What is being asked
Copy every record exactly as it stands. Leave the pictures out.

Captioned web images
= Beginning of Section =
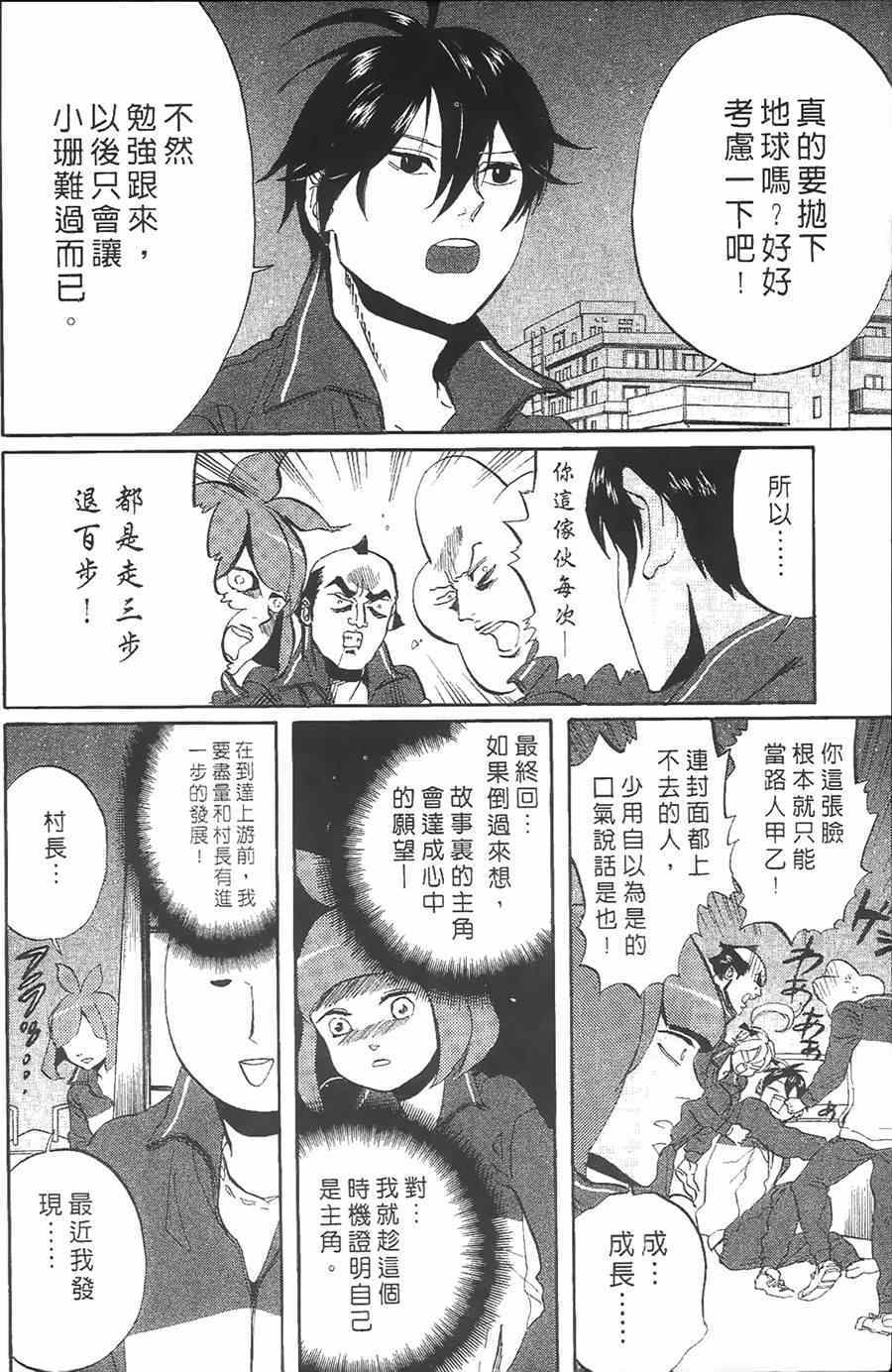 《荒川爆笑团》漫画最新章节第10话免费下拉式在线观看章节第【130】张图片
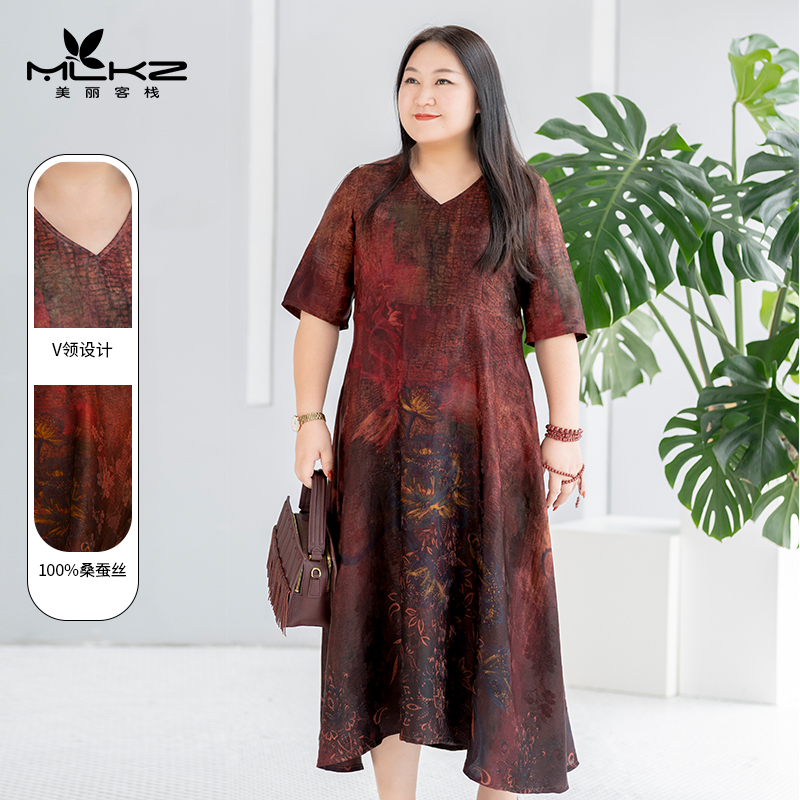 高端大码女装2025夏季新款高品质重磅真丝连衣裙胖mm桑蚕丝长裙子
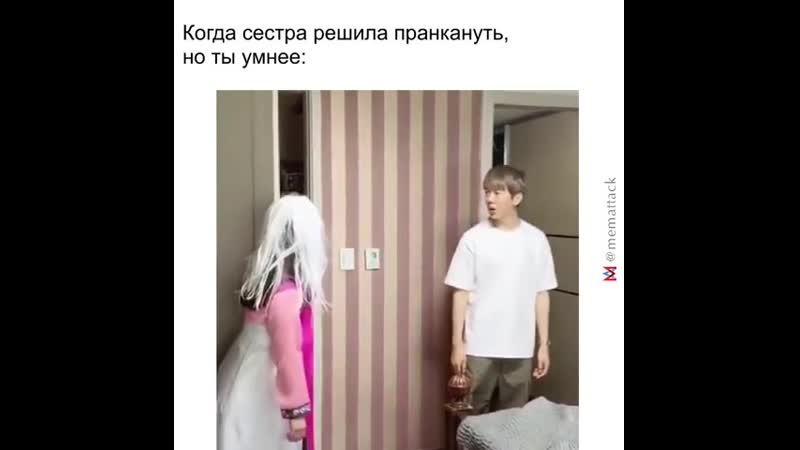 Когда сестра решила пранкануть, но ты умнее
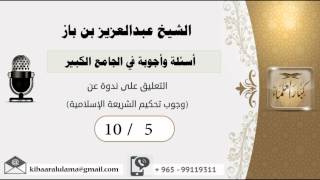 صورة 10/5أسئلة وأجوبة في الجامع الكبير/ تعليق ندوة عن (وجوب تحكيم الشريعة الإسلامية)- مشروع كبار العلماء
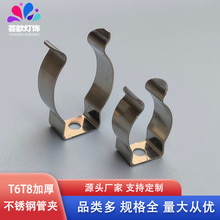 �S��ֱ��t6t8���ܲ��P䓹̶����ۼӺ��P�u�Ϳ��۹ܿ��̶�����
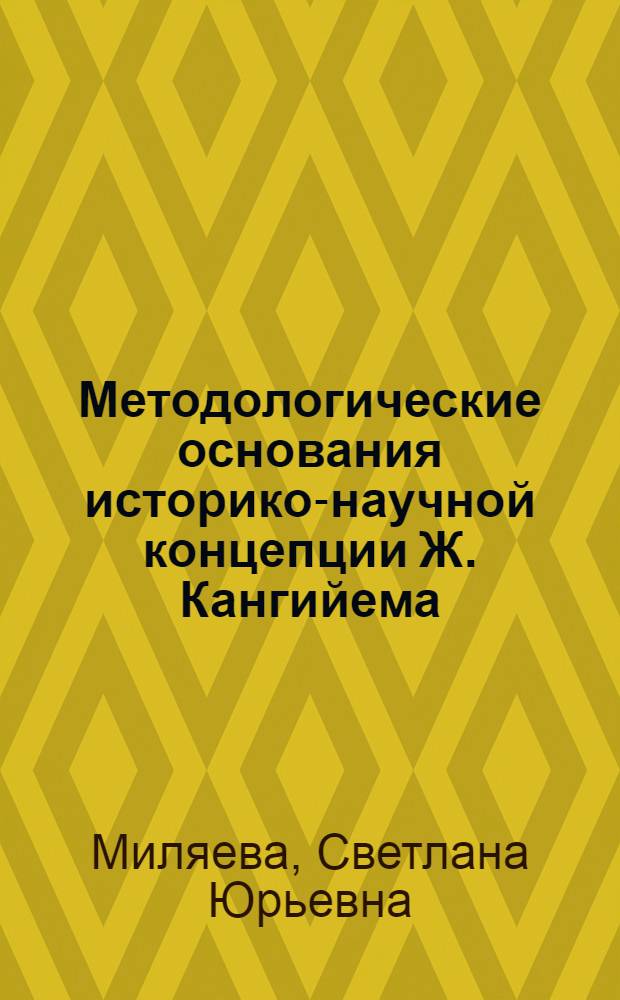 Методологические основания историко-научной концепции Ж. Кангийема : Автореф. дис. на соиск. учен. степ. к.филос.н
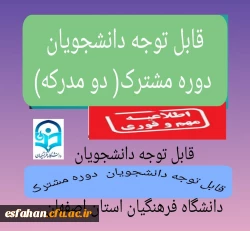 تاریخ ثبت نام دوره مشترک مدارک دوگانه (دو مدرکی پردیس ها و مراکز دانشگاه فرهنگیان استان اصفهان) 2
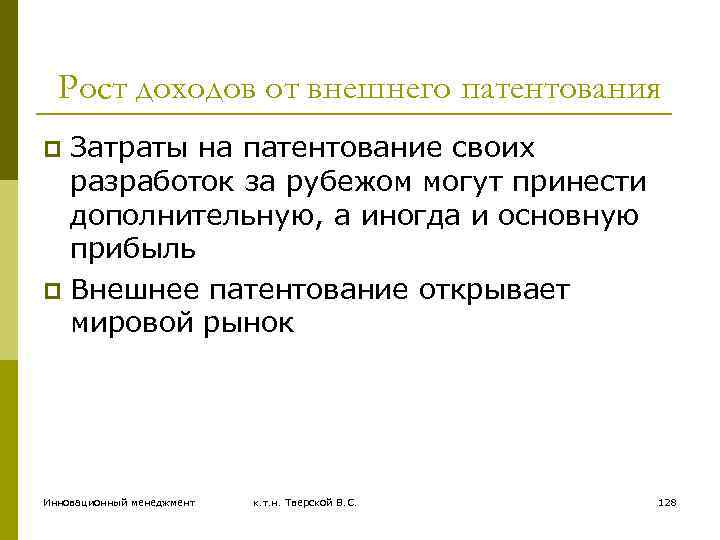 Рост доходов от внешнего патентования Затраты на патентование своих разработок за рубежом могут принести
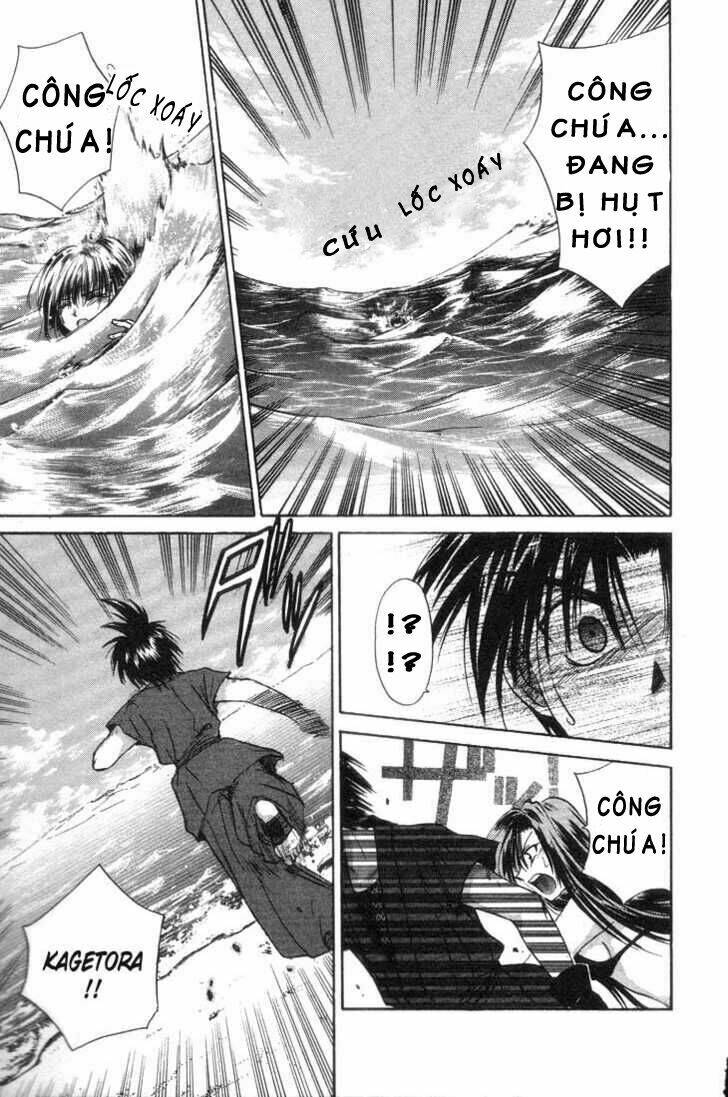 kagetora chapter 3 15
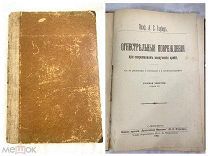 СТАРИННАЯ КНИГА «РУССКАЯ ХИРУРГИЯ» В.С. ЭТТИНГЕРЪ 1903 год 19 ВЕК! G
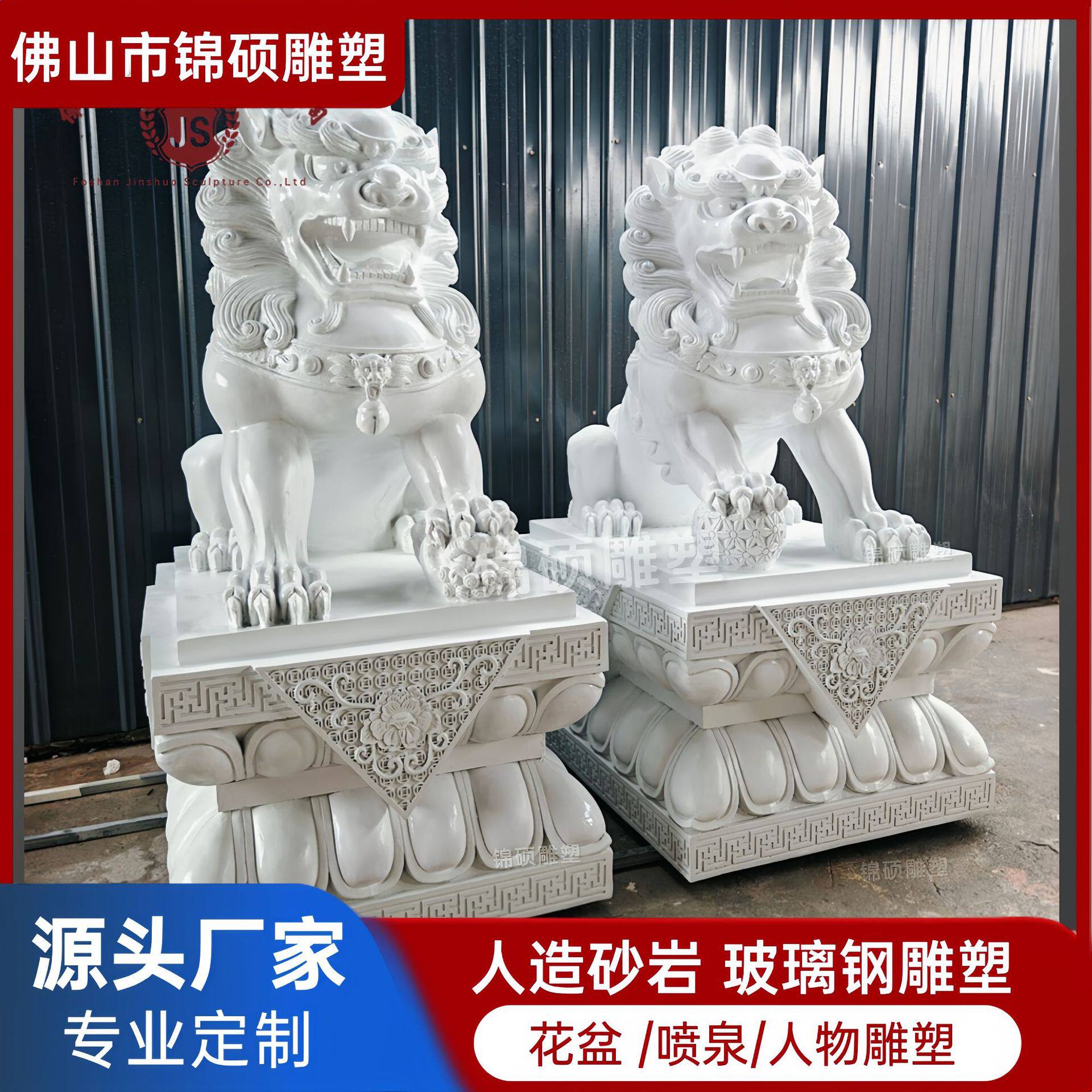 砂岩狮子雕塑一对 酒店门口狮子摆件 玻璃钢仿铜看门石狮子雕像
= End of Section =
Task solution
 《荒川爆笑团》漫画最新章节第10话免费下拉式在线观看章节第【130】张图片
 高端大码女装2025夏季新款高品质重磅真丝连衣裙胖mm桑蚕丝长裙子
 Когда сестра решила пранкануть, но ты умнее
 صورة 10/5أسئلة وأجوبة في الجامع الكبير/ تعليق ندوة عن (وجوب تحكيم الشريعة الإسلامية)- مشروع كبار العلماء
 �S��ֱ��t6t8���ܲ��P䓹̶����ۼӺ��P�u�Ϳ��۹ܿ��̶�����
 Методологические основания историко-научной концепции Ж. Кангийема : Автореф. дис. на соиск. учен. степ. к.филос.н
 تاریخ ثبت نام دوره مشترک مدارک دوگانه (دو مدرکی پردیس ها و مراکز دانشگاه فرهنگیان استان اصفهان) 2
 Рост доходов от внешнего патентования Затраты на патентование своих разработок за рубежом могут принести
 kagetora chapter 3 15
 СТАРИННАЯ КНИГА «РУССКАЯ ХИРУРГИЯ» В.С. ЭТТИНГЕРЪ 1903 год 19 ВЕК! G
 砂岩狮子雕塑一对 酒店门口狮子摆件 玻璃钢仿铜看门石狮子雕像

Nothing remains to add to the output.